Caption-style text data:
※ ※ ※
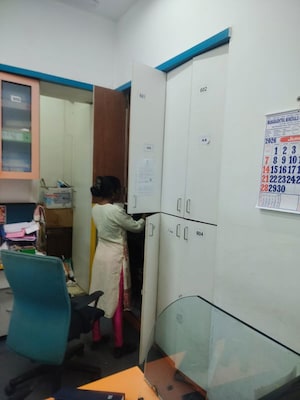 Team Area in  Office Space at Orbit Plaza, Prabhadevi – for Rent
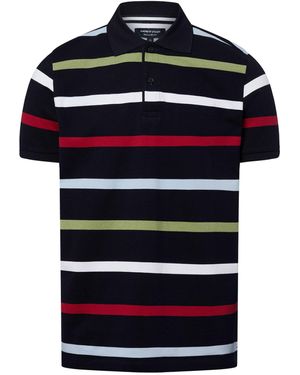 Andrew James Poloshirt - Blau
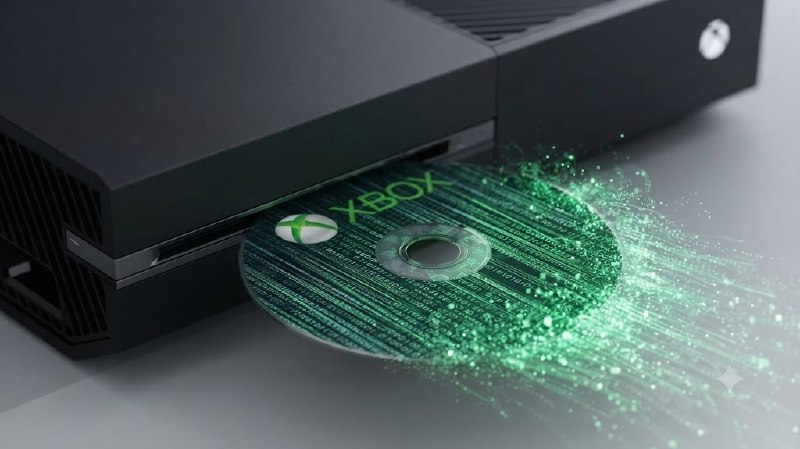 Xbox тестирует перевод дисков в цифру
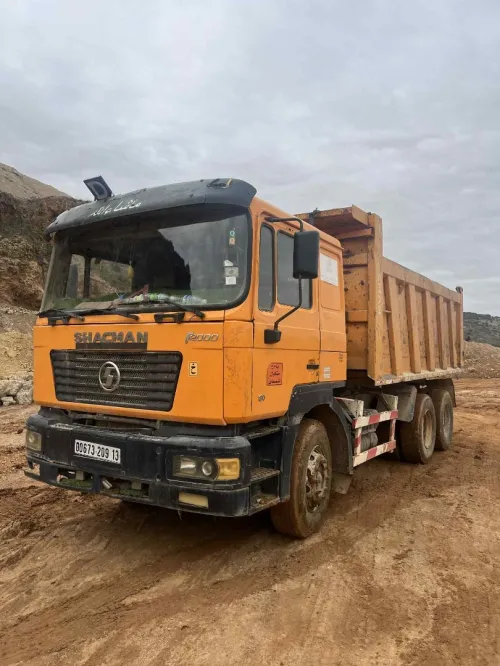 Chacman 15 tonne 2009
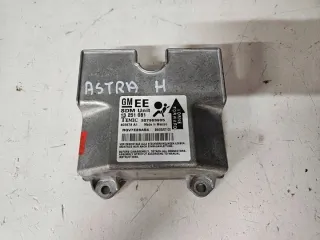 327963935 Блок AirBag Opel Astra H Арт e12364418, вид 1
※ ※ ※
■ **Work required**: Leave every picture out and write out, word for word, the lines from the one that contains "Chacman 15 tonne 2009" through the last line of the records.

■ **Result for this task**:
 Chacman 15 tonne 2009
 327963935 Блок AirBag Opel Astra H Арт e12364418, вид 1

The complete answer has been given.